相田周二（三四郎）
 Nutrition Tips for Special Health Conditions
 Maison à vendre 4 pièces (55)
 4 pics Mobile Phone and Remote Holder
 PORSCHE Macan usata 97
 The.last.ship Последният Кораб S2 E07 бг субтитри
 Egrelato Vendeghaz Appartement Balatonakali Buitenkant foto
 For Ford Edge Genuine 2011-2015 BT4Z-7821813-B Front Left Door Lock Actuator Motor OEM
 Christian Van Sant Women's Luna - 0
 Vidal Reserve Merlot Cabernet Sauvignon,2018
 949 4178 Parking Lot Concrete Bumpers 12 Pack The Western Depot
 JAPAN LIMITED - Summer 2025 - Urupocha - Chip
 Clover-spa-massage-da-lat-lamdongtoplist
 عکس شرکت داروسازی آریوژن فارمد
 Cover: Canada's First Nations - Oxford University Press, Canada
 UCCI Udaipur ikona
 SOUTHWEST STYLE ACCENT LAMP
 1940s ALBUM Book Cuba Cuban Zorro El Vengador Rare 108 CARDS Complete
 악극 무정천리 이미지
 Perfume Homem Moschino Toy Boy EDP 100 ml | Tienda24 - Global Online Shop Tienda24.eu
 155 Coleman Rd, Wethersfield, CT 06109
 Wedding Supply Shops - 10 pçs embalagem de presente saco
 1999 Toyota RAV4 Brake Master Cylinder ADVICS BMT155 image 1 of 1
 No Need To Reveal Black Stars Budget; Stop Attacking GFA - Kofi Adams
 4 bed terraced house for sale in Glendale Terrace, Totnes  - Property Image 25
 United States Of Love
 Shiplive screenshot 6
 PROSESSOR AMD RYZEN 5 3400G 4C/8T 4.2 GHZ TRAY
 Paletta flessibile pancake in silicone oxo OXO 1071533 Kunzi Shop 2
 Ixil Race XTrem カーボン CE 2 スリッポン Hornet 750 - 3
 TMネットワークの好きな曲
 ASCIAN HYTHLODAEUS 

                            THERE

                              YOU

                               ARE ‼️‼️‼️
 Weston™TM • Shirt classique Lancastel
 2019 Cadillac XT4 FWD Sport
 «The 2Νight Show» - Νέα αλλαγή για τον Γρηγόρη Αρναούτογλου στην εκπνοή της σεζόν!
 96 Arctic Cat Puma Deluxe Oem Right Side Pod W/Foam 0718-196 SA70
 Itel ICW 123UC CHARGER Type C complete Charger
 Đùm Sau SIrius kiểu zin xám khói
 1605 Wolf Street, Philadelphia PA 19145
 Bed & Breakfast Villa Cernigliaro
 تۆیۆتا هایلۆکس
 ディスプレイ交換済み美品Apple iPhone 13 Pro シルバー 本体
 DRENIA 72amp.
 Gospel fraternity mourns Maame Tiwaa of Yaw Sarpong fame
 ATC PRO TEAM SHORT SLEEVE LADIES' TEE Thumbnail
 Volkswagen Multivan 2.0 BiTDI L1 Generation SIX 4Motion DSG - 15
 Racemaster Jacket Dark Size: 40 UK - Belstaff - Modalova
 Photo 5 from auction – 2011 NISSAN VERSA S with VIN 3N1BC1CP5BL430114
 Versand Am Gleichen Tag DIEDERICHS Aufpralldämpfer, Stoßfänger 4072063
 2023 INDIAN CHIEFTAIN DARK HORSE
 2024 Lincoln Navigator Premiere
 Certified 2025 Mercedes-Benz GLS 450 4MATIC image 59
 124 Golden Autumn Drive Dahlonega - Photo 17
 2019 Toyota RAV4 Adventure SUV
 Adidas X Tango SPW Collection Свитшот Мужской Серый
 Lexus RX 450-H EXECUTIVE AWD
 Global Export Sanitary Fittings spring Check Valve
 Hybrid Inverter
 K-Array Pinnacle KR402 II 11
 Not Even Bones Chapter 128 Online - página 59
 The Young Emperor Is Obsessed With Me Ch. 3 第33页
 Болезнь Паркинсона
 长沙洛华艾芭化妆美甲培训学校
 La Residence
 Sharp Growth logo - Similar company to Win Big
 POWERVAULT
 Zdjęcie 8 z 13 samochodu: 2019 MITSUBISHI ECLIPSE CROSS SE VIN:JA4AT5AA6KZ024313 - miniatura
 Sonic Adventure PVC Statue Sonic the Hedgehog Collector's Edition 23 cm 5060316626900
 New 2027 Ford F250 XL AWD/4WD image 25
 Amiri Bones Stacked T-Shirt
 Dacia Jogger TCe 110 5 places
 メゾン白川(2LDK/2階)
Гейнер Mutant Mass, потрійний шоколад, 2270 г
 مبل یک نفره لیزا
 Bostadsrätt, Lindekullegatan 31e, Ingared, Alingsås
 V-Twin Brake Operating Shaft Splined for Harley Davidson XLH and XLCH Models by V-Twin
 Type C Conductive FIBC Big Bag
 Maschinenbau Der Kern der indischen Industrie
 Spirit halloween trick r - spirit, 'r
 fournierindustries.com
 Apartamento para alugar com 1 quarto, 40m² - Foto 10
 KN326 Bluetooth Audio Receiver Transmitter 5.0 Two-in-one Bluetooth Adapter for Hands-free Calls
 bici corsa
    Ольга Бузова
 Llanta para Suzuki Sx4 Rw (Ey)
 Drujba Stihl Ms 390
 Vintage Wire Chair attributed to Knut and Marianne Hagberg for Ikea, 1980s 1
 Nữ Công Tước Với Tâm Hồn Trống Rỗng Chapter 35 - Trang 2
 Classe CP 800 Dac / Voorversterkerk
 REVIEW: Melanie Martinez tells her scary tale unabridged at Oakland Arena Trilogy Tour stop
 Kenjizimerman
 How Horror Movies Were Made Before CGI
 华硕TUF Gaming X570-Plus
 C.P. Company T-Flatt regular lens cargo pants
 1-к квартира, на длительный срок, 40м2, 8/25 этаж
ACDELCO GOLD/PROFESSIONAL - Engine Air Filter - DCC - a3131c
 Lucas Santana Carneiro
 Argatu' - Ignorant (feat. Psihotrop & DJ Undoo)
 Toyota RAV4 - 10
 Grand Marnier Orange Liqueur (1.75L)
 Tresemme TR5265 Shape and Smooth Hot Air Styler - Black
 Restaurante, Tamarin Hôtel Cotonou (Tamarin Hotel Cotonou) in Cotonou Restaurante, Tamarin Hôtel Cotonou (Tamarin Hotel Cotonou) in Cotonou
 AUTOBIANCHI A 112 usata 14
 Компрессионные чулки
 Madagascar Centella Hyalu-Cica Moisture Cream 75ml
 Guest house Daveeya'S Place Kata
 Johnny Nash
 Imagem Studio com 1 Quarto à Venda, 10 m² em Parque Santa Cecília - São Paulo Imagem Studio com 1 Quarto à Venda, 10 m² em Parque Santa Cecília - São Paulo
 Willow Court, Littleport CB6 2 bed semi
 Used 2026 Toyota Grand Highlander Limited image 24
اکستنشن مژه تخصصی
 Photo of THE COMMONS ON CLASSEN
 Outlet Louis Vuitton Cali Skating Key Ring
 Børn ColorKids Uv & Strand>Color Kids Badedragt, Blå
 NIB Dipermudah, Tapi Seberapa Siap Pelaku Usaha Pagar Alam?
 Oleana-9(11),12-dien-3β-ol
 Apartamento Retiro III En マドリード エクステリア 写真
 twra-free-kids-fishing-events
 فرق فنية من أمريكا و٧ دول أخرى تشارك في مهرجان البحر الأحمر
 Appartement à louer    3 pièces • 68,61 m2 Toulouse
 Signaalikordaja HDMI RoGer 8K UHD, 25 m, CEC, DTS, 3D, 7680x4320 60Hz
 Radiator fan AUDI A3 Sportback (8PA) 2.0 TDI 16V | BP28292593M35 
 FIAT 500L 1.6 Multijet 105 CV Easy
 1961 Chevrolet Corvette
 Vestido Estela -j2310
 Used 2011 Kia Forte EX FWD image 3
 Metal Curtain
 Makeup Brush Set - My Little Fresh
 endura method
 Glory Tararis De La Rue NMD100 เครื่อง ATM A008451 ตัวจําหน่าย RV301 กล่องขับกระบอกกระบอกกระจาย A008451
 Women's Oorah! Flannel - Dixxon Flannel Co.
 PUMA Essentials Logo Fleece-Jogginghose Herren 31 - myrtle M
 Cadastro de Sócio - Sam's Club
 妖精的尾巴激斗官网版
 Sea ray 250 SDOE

Problem description: Write out, from the lines above, only those from the line with "Photo 5 from" to the line with "ACDELCO GOLD/PROFESSIONAL - Engine", exactly as given, including the first and the last.

Output:
 Photo 5 from auction – 2011 NISSAN VERSA S with VIN 3N1BC1CP5BL430114
 Versand Am Gleichen Tag DIEDERICHS Aufpralldämpfer, Stoßfänger 4072063
 2023 INDIAN CHIEFTAIN DARK HORSE
 2024 Lincoln Navigator Premiere
 Certified 2025 Mercedes-Benz GLS 450 4MATIC image 59
 124 Golden Autumn Drive Dahlonega - Photo 17
 2019 Toyota RAV4 Adventure SUV
 Adidas X Tango SPW Collection Свитшот Мужской Серый
 Lexus RX 450-H EXECUTIVE AWD
 Global Export Sanitary Fittings spring Check Valve
 Hybrid Inverter
 K-Array Pinnacle KR402 II 11
 Not Even Bones Chapter 128 Online - página 59
 The Young Emperor Is Obsessed With Me Ch. 3 第33页
 Болезнь Паркинсона
 长沙洛华艾芭化妆美甲培训学校
 La Residence
 Sharp Growth logo - Similar company to Win Big
 POWERVAULT
 Zdjęcie 8 z 13 samochodu: 2019 MITSUBISHI ECLIPSE CROSS SE VIN:JA4AT5AA6KZ024313 - miniatura
 Sonic Adventure PVC Statue Sonic the Hedgehog Collector's Edition 23 cm 5060316626900
 New 2027 Ford F250 XL AWD/4WD image 25
 Amiri Bones Stacked T-Shirt
 Dacia Jogger TCe 110 5 places
 メゾン白川(2LDK/2階)
Гейнер Mutant Mass, потрійний шоколад, 2270 г
 مبل یک نفره لیزا
 Bostadsrätt, Lindekullegatan 31e, Ingared, Alingsås
 V-Twin Brake Operating Shaft Splined for Harley Davidson XLH and XLCH Models by V-Twin
 Type C Conductive FIBC Big Bag
 Maschinenbau Der Kern der indischen Industrie
 Spirit halloween trick r - spirit, 'r
 fournierindustries.com
 Apartamento para alugar com 1 quarto, 40m² - Foto 10
 KN326 Bluetooth Audio Receiver Transmitter 5.0 Two-in-one Bluetooth Adapter for Hands-free Calls
 bici corsa
    Ольга Бузова
 Llanta para Suzuki Sx4 Rw (Ey)
 Drujba Stihl Ms 390
 Vintage Wire Chair attributed to Knut and Marianne Hagberg for Ikea, 1980s 1
 Nữ Công Tước Với Tâm Hồn Trống Rỗng Chapter 35 - Trang 2
 Classe CP 800 Dac / Voorversterkerk
 REVIEW: Melanie Martinez tells her scary tale unabridged at Oakland Arena Trilogy Tour stop
 Kenjizimerman
 How Horror Movies Were Made Before CGI
 华硕TUF Gaming X570-Plus
 C.P. Company T-Flatt regular lens cargo pants
 1-к квартира, на длительный срок, 40м2, 8/25 этаж
ACDELCO GOLD/PROFESSIONAL - Engine Air Filter - DCC - a3131c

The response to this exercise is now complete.